Task
Please repeat only these lines, exactly: the one containing "bomberos en el casino royale" and all that come after it in the material.

○ ○ ○

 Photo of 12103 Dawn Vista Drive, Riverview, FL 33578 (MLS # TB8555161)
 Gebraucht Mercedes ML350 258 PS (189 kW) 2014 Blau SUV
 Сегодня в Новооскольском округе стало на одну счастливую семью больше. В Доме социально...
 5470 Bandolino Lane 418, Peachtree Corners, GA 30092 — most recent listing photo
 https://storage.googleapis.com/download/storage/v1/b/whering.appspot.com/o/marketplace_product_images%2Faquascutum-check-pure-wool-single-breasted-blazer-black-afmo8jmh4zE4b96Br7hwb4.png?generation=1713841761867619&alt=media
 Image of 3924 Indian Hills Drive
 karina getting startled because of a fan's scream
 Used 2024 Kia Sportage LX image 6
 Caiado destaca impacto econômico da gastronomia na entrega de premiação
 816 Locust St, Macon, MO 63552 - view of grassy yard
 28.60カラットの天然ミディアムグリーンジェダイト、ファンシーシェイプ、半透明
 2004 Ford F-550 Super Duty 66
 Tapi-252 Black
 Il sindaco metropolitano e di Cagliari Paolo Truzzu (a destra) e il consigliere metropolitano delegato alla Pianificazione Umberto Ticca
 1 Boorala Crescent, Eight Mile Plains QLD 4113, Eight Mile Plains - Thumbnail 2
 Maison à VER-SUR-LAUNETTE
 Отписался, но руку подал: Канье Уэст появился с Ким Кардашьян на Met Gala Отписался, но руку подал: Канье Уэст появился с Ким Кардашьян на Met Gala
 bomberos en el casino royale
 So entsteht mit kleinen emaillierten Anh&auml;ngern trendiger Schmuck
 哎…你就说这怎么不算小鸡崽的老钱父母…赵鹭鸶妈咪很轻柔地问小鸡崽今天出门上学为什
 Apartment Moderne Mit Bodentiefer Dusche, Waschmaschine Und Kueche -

○ ○ ○

Answer box
 bomberos en el casino royale
 So entsteht mit kleinen emaillierten Anh&auml;ngern trendiger Schmuck
 哎…你就说这怎么不算小鸡崽的老钱父母…赵鹭鸶妈咪很轻柔地问小鸡崽今天出门上学为什
 Apartment Moderne Mit Bodentiefer Dusche, Waschmaschine Und Kueche -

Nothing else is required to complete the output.